Di hadapan jajaran pemerintahan, Muklisin juga mengamanahkan Muradi untuk memimpin seluruh Organisasi Perangkat Daerah (OPD) dalam meningkatkan kualitas pelayanan publik dan memperkuat kinerja birokrasi. Tak kalah penting, ia diminta membangun sinergi dengan Forkopimda, akademisi, insan pers, tokoh adat, hingga para ulama agar pembangunan daerah berjalan dengan semangat kebersamaan.
Menurut Muklisin, pelantikan Pj Sekda bukan sekadar mengisi kekosongan jabatan, melainkan langkah strategis untuk menjaga stabilitas pemerintahan dan memperkuat konsolidasi birokrasi di tengah berbagai tantangan yang ada.
“Pengangkatan Penjabat Sekretaris Daerah bukan sekadar mengisi posisi struktural atau proses administratif, melainkan bagian dari langkah strategis untuk memperkuat konsolidasi birokrasi,” ujar Muklisin, Kamis (30/7/2026).

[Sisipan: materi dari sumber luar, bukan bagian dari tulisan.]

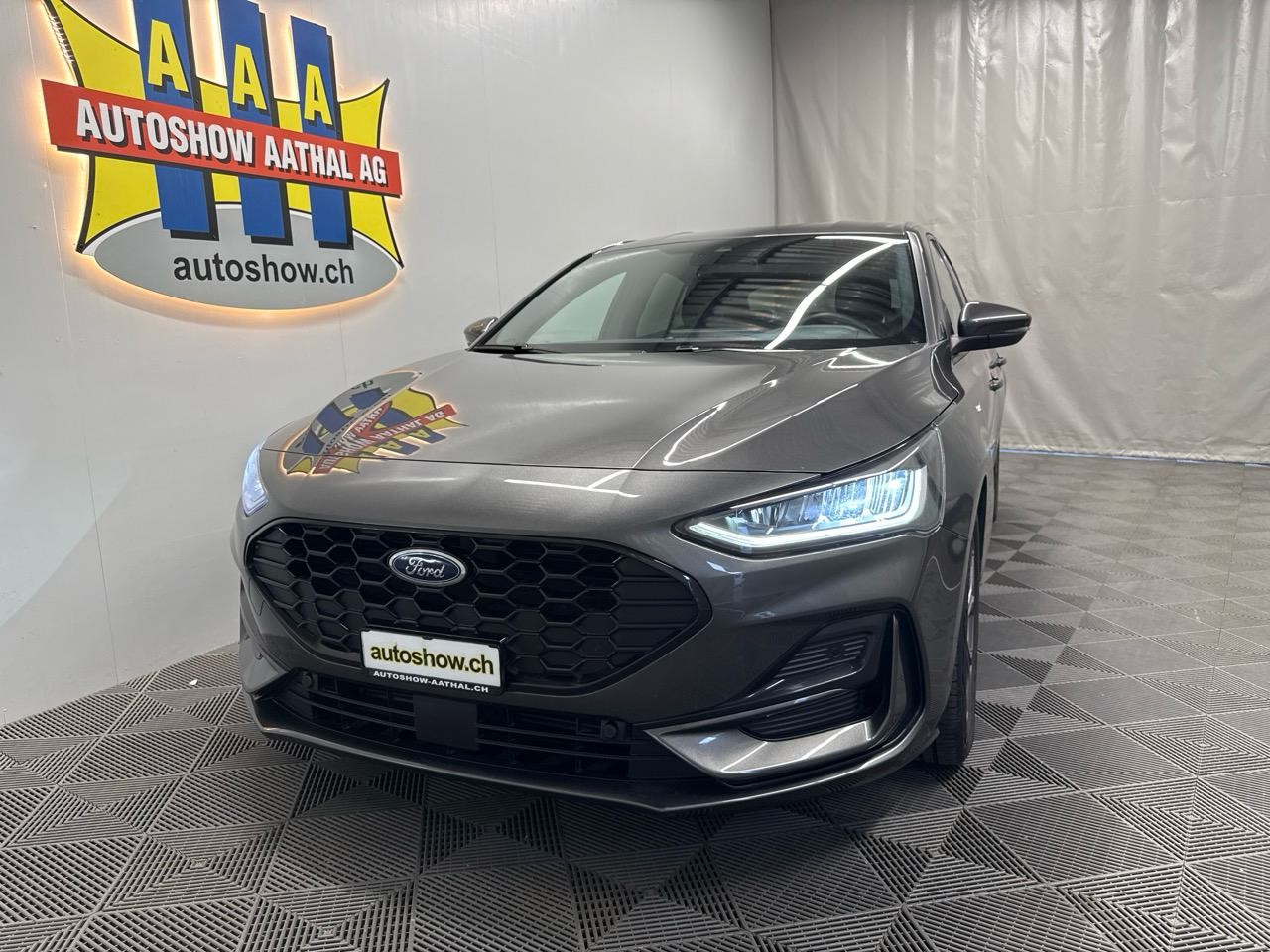 FORD Focus 1.0 MHEV ST-Line Automat-image-15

Ia mengakui, kondisi keuangan daerah saat ini tidak sedang mudah. Dinamika kebijakan fiskal pemerintah pusat dan berkurangnya alokasi transfer ke daerah berdampak langsung terhadap kemampuan keuangan Kabupaten Kuansing. Namun, ia mengingatkan agar situasi tersebut tidak menjadi alasan untuk mengendurkan semangat pengabdian.
Muklisin meminta seluruh jajaran pemerintah menerapkan efisiensi secara bijaksana, menjaga kekompakan ASN dan OPD, serta memastikan pelayanan kepada masyarakat tetap menjadi prioritas utama.

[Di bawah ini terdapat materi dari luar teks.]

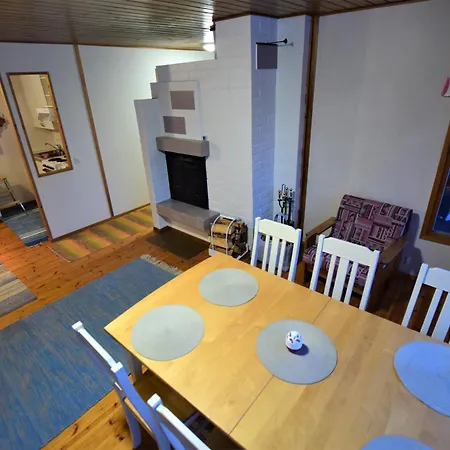 Pyhtaeaen Vuokramoekit Chalet Tuuski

“Kita harus tetap konsisten dan tidak larut pada persoalan yang terjadi. Cukup itu menjadi pelajaran untuk selanjutnya kita kembali fokus pada pengabdian,” tegasnya.
Di pundak Muradi kini tersimpan harapan besar. Bukan hanya menjaga stabilitas pemerintahan dan mengawal anggaran daerah, tetapi juga memastikan Pacu Jalur-warisan budaya yang menjadi kebanggaan masyarakat Kuansing – dapat terselenggara dengan baik, menjadi simbol persatuan, semangat gotong royong, dan kecintaan terhadap daerah.